Goal of the exercise:
An exact reproduction of the lines below, from the first through the one with "Happy black guy", is the whole answer; pictures have no place in it.

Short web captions

---*---

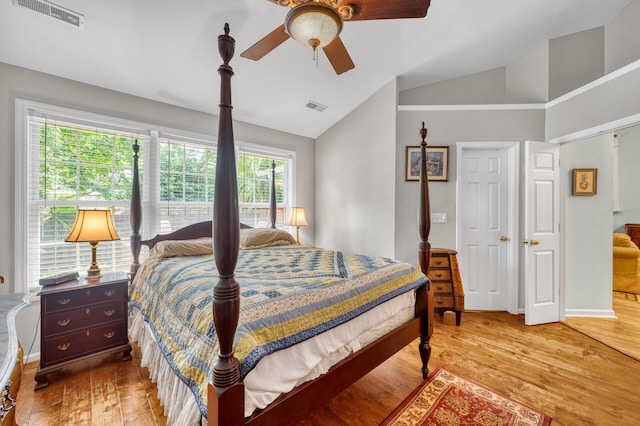 bedroom with ceiling fan, light hardwood / wood-style floors, and vaulted ceiling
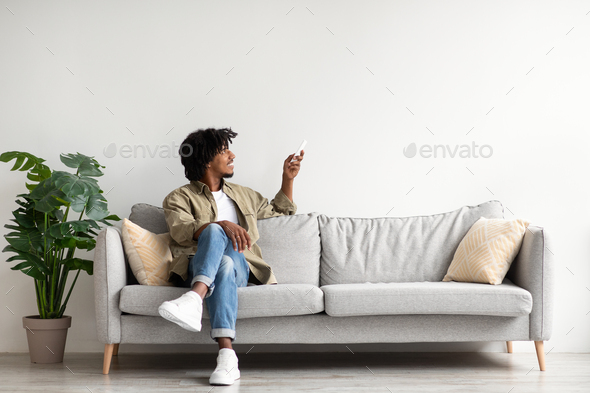 Happy black guy relaxing on couch, opening air conditioner with remote controller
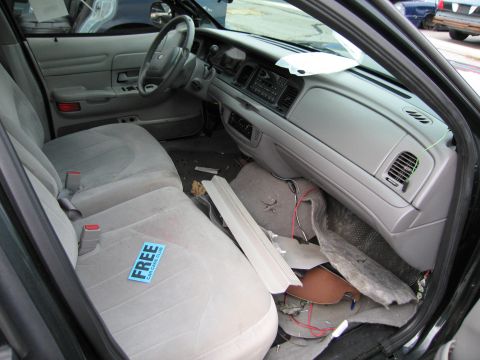 1991 Ford LTD Crown Victoria - Interior view of a 1991 Ford Crown Victoria LTD, including seats, dashboard, and a 'Free Car Care Club' sticker.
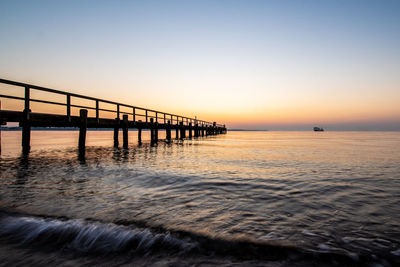 Scenic view of sea against clear sky during sunset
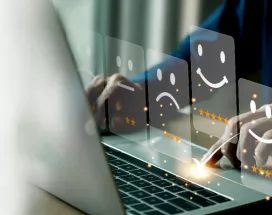 Employee sharing their thoughts and feelings in a HR survey on their laptop
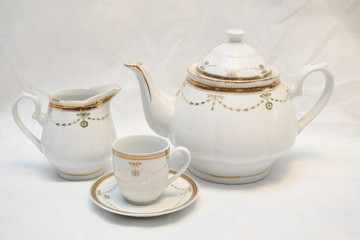 Mock up / design set of elegant and traditional teapot colorful white blue gold coffee cup & Tea cup on cup's plate beside the hot tea pot , design/ drink-ware isolated on white background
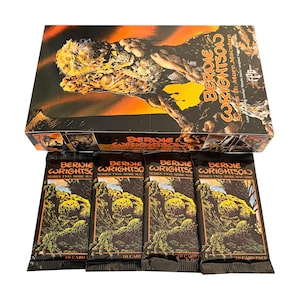 May include: A display box and four individual packs of Bernie Wrightson Series II: More Macabre trading cards. The packaging features orange and black artwork of a creature, with the text Bernie Wrightson Series II: More Macabre printed on each.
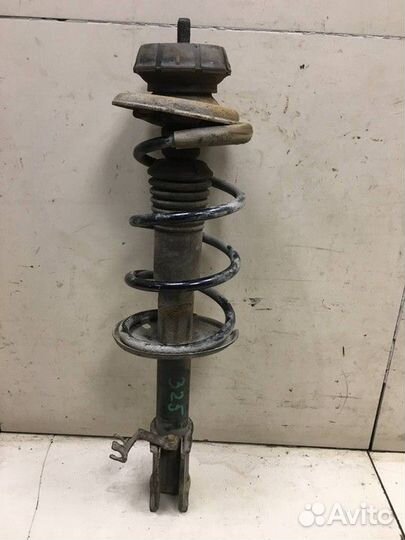 Амортизатор передний Nissan Almera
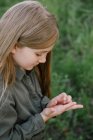 Porträt eines Mädchens, das ein Insekt in ihrer Hand betrachtet, Russland — Stockfoto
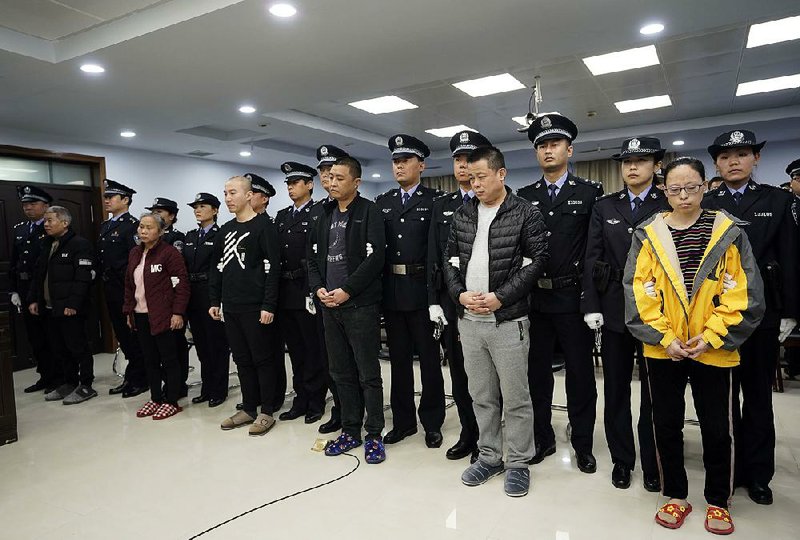 Fentanyl drug traffickers stand for sentencing Thursday in a courtroom in Xingtai in China’s northern Hebei province. More photos at arkansasonline.com/118fentanyl/ 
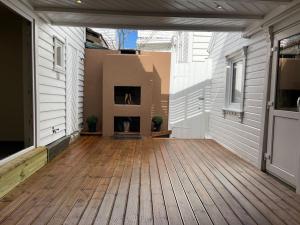 eine Veranda mit Holzböden und einem Kamin in der Unterkunft The yellow door in Stavanger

---*---

Result of the exercise:
 bedroom with ceiling fan, light hardwood / wood-style floors, and vaulted ceiling
 Happy black guy relaxing on couch, opening air conditioner with remote controller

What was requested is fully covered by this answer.